St Vincent and the Grenadines is considering other options as the three wells dug on the slopes of the La Soufriere volcano as part of the geothermal energy project have failed to produce the required permeability.
Project Manager Ellsworth Dacon, speaking on the State-owned NBC Radio, said the Government is now in discussion with a company that has “a model like a radiator, like a motor car radiator” after the Iceland firm that owns the drilling rig has demobilised it and has begun shipping it to Spain for its next project.
“It’s like a closed loop and the more loops you have, the more energy you can get. They don’t want to see permeability. All they are interested in is hot rock. So they are happy not to have permeability and they are happy that the temperature is 250 degrees Celsius; so what you have is heat transfer. You have a closed loop, you have a benign transfer and you have a series of loops,” he added.

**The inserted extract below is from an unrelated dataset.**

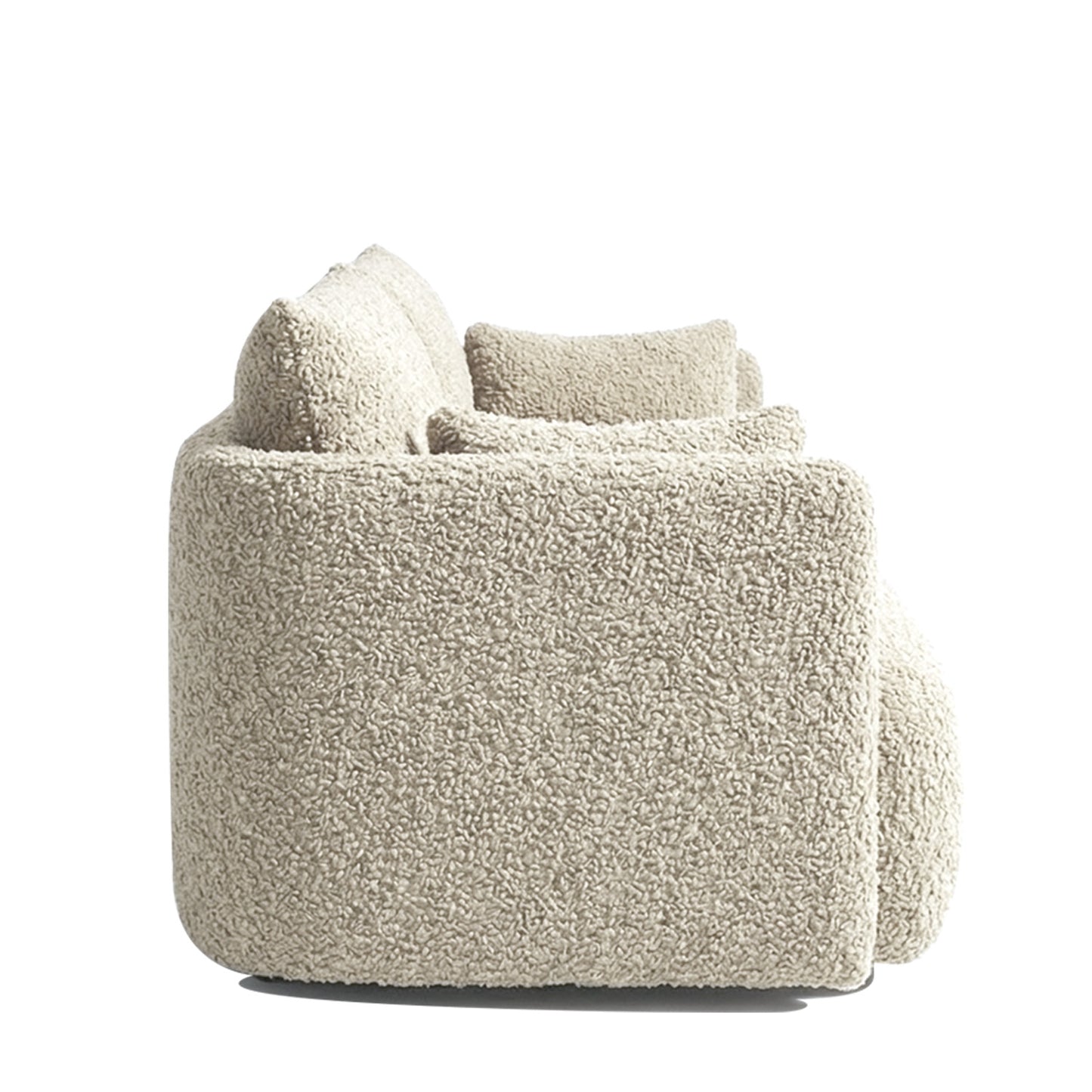 CozyChic Sand Boucle Twin Sofa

The wells have registered a temperature of 250 degrees Celsius, but the rocks do not have the level of porosity that would allow for converting that heat into electricity.
Dacon, however, said this requires horizontal drilling underground and is quite costly and that another company has a patent for “some optical-sensing device that can sense where the permeable areas would be.

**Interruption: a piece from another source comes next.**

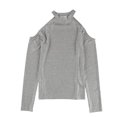 thumbnail image 1 of bar III Womens Shine Pullover Sweater, Metallic, X-Large, 1 of 1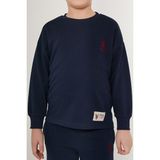 U.S. Polo Assn. Shaded Dotted Lacivert Erkek Çocuk Eşofman Takımı - 6 - 7 Yaş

“We have to work within the target prices. It makes no sense [to] say yes; we have a geothermal plant and we have signed a new deal with a new company and at the end of the day, it is not cheaper for Vincentians.”— Ellsworth Dacon, director of the Energy Unit, St Vincent and the Grenadines
“And they are bringing the capital. As developers, they have indicated to us that they have the capital to take it forward,” he said, noting that he believes a third company, which specialises in well stimulation, can stimulate the three wells “enough in a method that is safe to enhance and increase the flow of the fluid.

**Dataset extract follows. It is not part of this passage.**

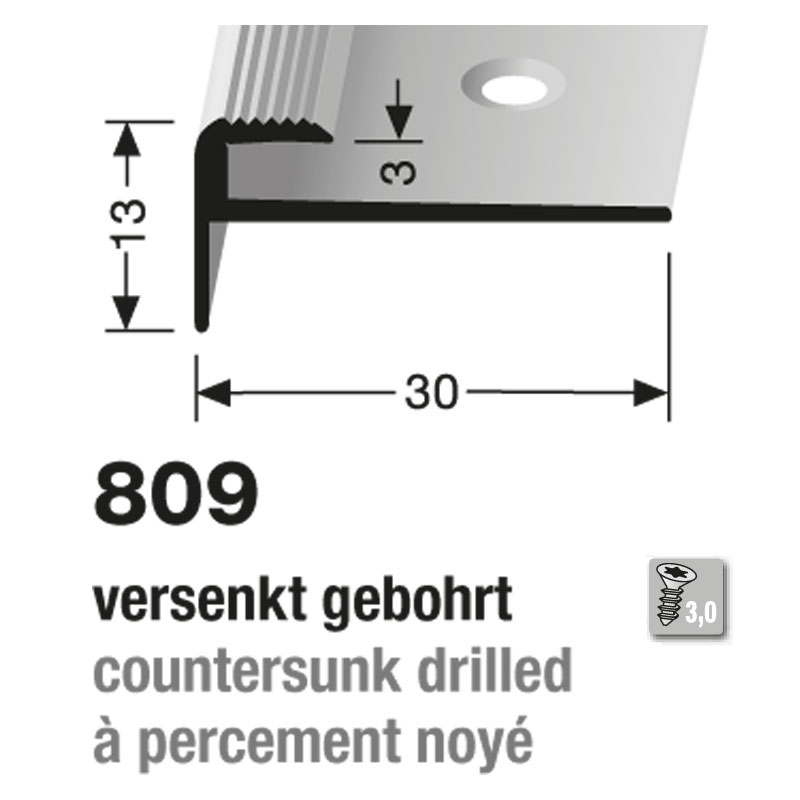 Küberit Alu Treppenkantenprofil Typ 809 Küberit Alu Treppenkantenprofil Typ 809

“We have to examine with the bank all the environmental concerns but, more importantly, the cost,” Dacon said, noting that all of the options come with a cost and the price would determine the Government’s financial decision.
“We have to work within the target prices. It makes no sense [to] say yes; we have a geothermal plant and we have signed a new deal with a new company and at the end of the day, it is not cheaper for Vincentians.
“So we have a particular financial model that we must work within and we have a target. So we have to look at capital assumptions with some contingencies and stipulate what are our conditions. And one of the conditions is for cheaper electricity to consumers,” Dacon said.
The Government has secured the US$92 million needed to finance the entire project, with a small portion of it coming from public funds and the remainder as grants.
Dacon said that he would not say that the money spent on the project was a waste of resources.
“First of all, we did get grants and grants are usually paid by taxpayers somewhere. It may not be by Vincentians but they are some contributions, perhaps from taxpayers. So we have to be very responsible, even in the use of grants and I think we were.
“It’s a hypothesis. We did all the background checks, we did all the scientific work, we had a theory and we believed it to be here and we weren’t successful in finding the permeability. I have heard and I have seen a WhatsApp question about why did we go into the larger drilling of wells versus what you call slim hole drilling.”
Dacon noted that some individuals have said that the Government should have dug exploratory wells, also known as slim holes, but he said that a slim well is cheaper, requires a smaller crew and uses less cement.
“But it tells you, it gives you a temperature gradient. It does not [necessarily] intercept into a permeable zone. So if you went into test drilling or slim holes as it is suggested, all it would have indicated to us is that we had a temperature gradient.
“We were drilling into a very deep reservoir diagonally. And to access that permeable zone, we could not have done slim well drilling… It is not a case where we spent more than we needed to spend.”
He said a slim well would have cost two million US dollars while a permanent hole costs US$8 million dollars.
“But we just couldn’t access the permeable zone using the slim well,” he said, noting that the government would have had to mobilise a smaller slim well drill then demobilise it.
“So, at the end of the day, it would be more expensive to result in more or less the same,” he told radio listeners.